Walter Rane:Mormon Artist
Walter Rane is an American painter and illustrator. He is a member of The Church of Jesus Christ of Latter-day Saints, often inadvertently called the Mormon or LDS Church.
Born September 8, 1949, in National City, California, he was fascinated with art as a young boy. Someone gave him a paint-by-numbers set when he was nine years old, and he remembers that he threw away the “numbers and started using the paints.”[1] Rane studied figure drawing at the Art Center College of Design in Los Angeles where he earned his BFA with “Great Distinction.” He lived and worked in Paris, France, with his family in 1984–1985. During his early career, he worked as a freelance illustrator in New York and Connecticut, with such clients as Reader’s Digest, Time, Life, and National Geographic, Random House, and The Rockefeller Group.

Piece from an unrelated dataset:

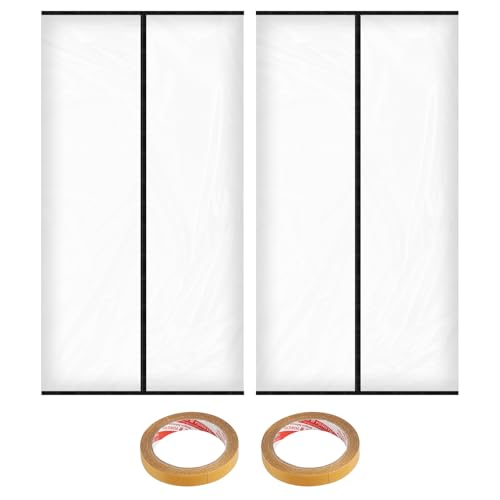 CPROSP 2pcs Puerta Antipolvo para Obras con Cierre Magnético 120×220cm, Puerta Plastico Cremallera con 2× Cinta de Doble Cara, Cortina Antipolvo de EVA para Renovación & Obras
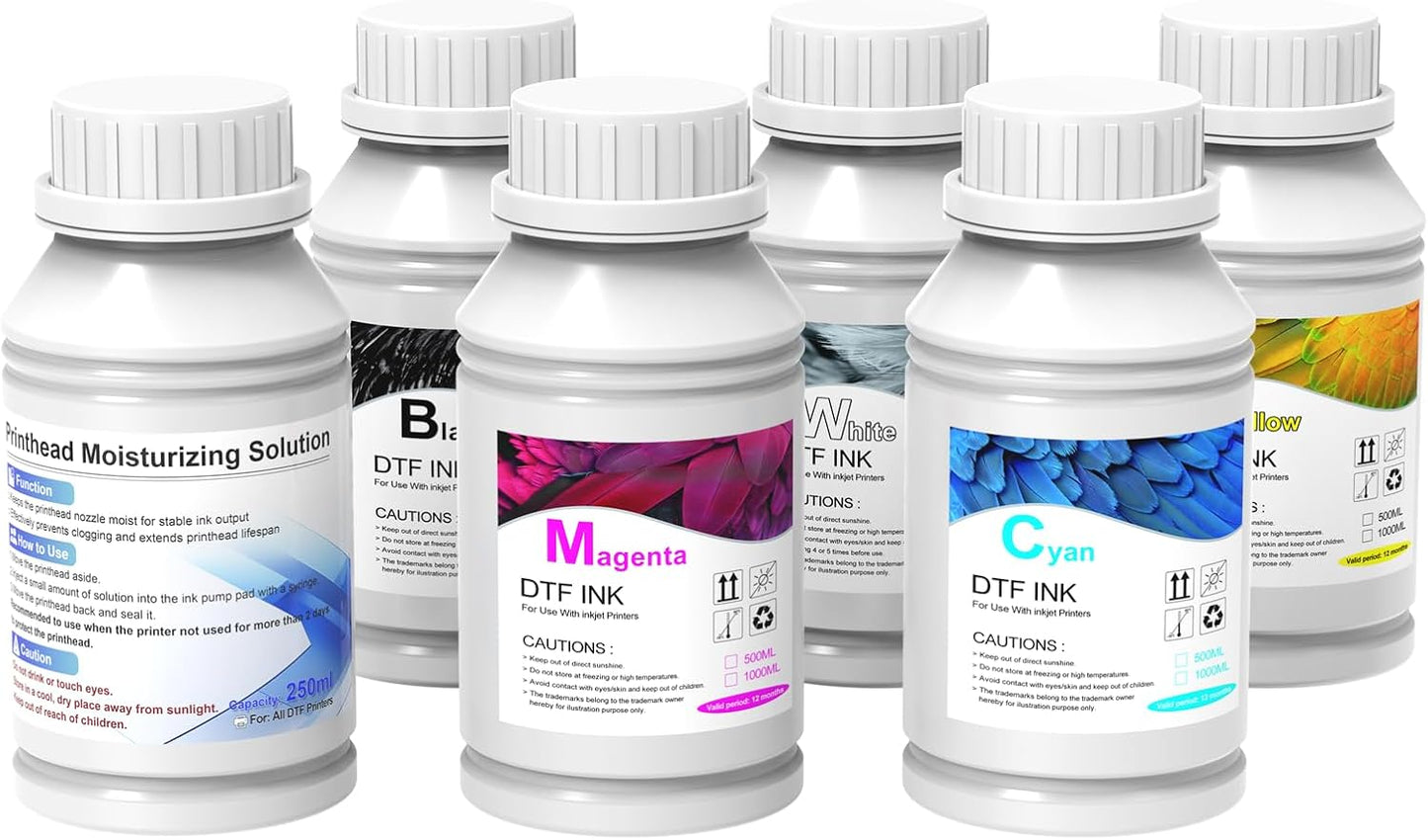DXZ Premium DTF Ink 1250ML,DTF Transfer Ink for PET Film,Refill for DTF Printers for L1800, XP600, L805,L800, R2400, XP-15000, P400, P800（5 * 250ML CMYKW）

In the early 1990s, The Church of Jesus Christ asked him to create works of art on religious themes. He has painted scenes from the Book of Mormon and events from the life of Jesus Christ. According to his website, “his work has expanded into more personal subjects, including scriptural themes. . . . Within the scriptures, he finds profound messages and truths concerning life’s experiences which inspire images that express his own deeply held beliefs.”
His work has been exhibited on the East and West Coasts, and Utah. He has permanent collections at the Museum of Church History and Art in Salt Lake City, Utah; the Springville Museum of Art in Springville, Utah; and Southern Virginia University in Buena Vista, Virginia.
Rane lives with his wife, Linda, in Oregon. They have four sons, three daughters-in-law, and one granddaughter.